→ **TASK DIRECTIONS**
Repeat each entry word for word. Leave any images out of the copy.

→ **EXERCISE INPUT**
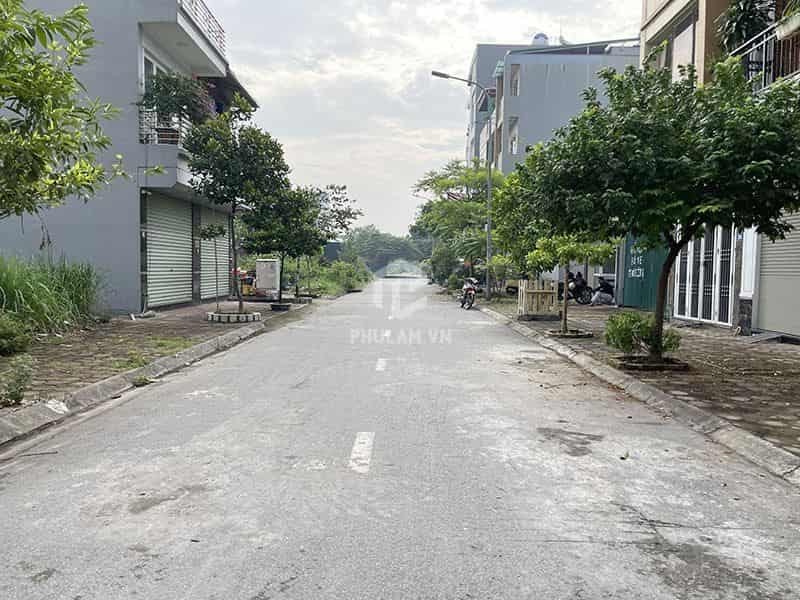 Cần bán 50m2 đất dãy A2 khu TĐC Thạch Bàn. Đường phân lô bàn cờ siêu đẹp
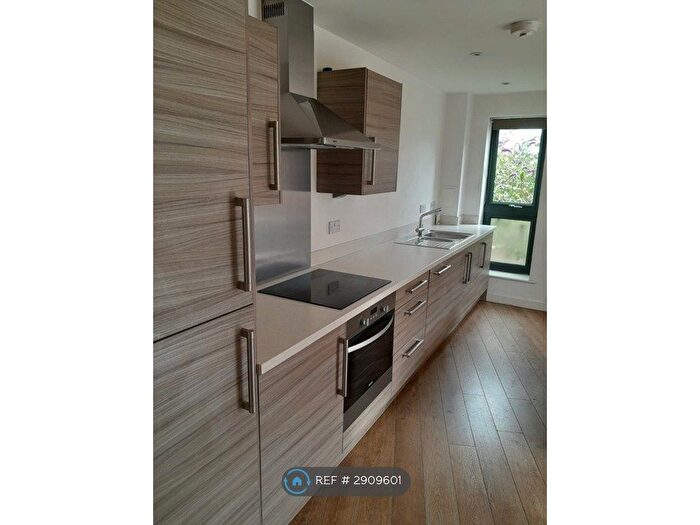 2 Bedroom Flat To Rent In Integra House, London, SW17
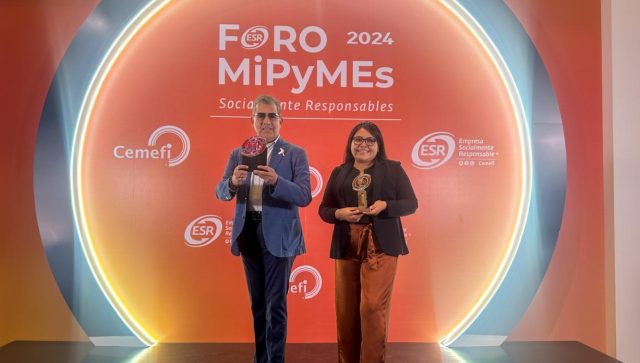B&E recibe por séptima ocasión consecutiva el Distintivo ESR® Director de Responsabilidad Social Empresarial, Evodio Sánchez Ramírez con representantes de Jajma.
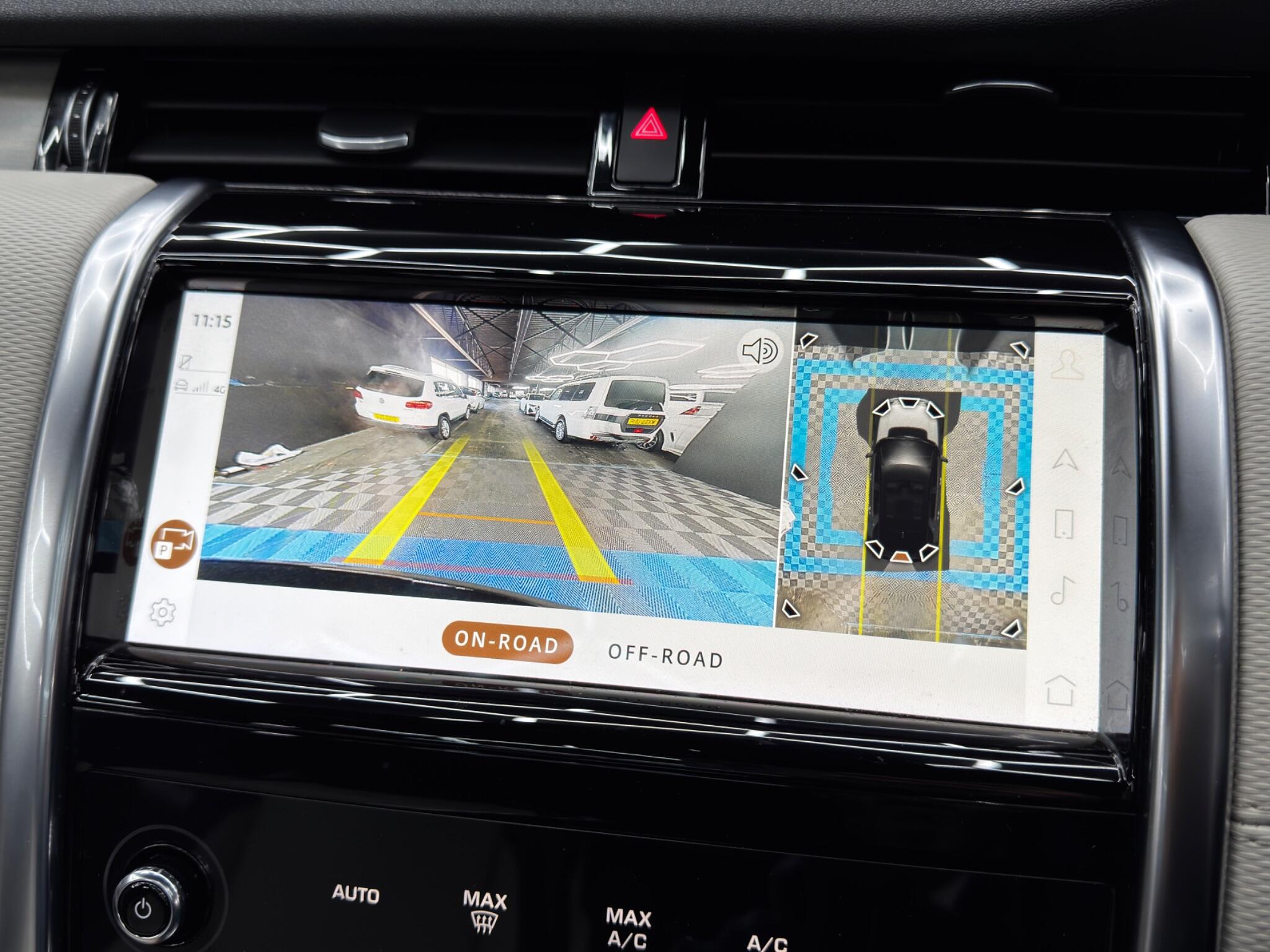 Land Rover Discovery Sport view 35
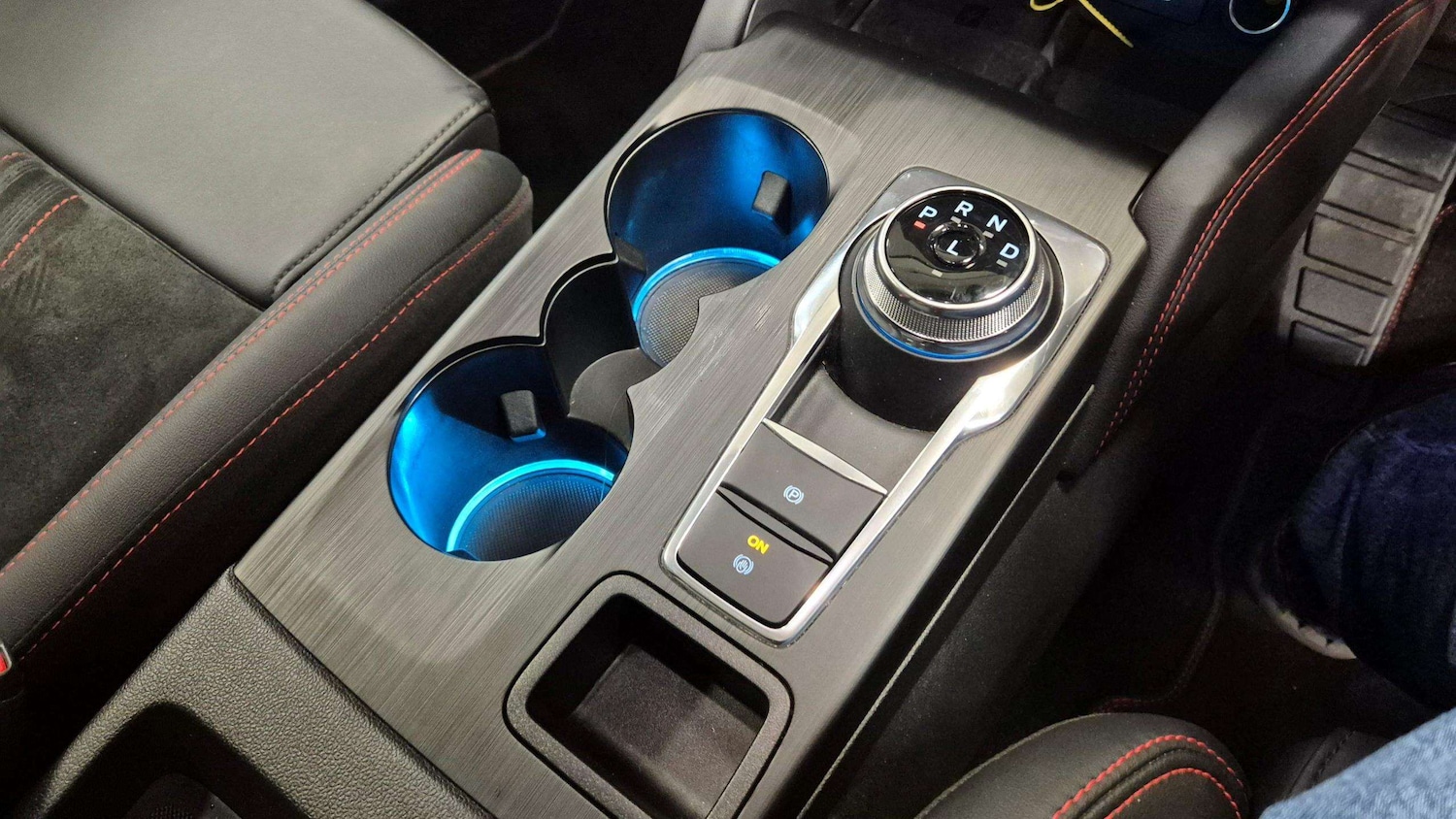 Used Ford Kuga 2024 for sale - 76435575: Photo 23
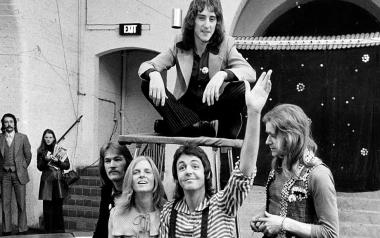 1976 τα Νο 1 σε ΗΠΑ, Αγγλία, για Μάρτιο, Απρίλιο, Μάιο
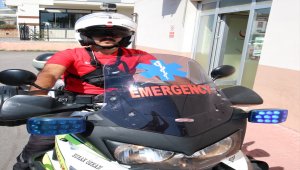 Sağlıkta "altın dakikalar" motosiklet ambulanslara emanet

→ **ANSWER TO THE PROBLEM**
 Cần bán 50m2 đất dãy A2 khu TĐC Thạch Bàn. Đường phân lô bàn cờ siêu đẹp
 2 Bedroom Flat To Rent In Integra House, London, SW17
B&E recibe por séptima ocasión consecutiva el Distintivo ESR® Director de Responsabilidad Social Empresarial, Evodio Sánchez Ramírez con representantes de Jajma.
 Land Rover Discovery Sport view 35
 Used Ford Kuga 2024 for sale - 76435575: Photo 23
 1976 τα Νο 1 σε ΗΠΑ, Αγγλία, για Μάρτιο, Απρίλιο, Μάιο
 Sağlıkta "altın dakikalar" motosiklet ambulanslara emanet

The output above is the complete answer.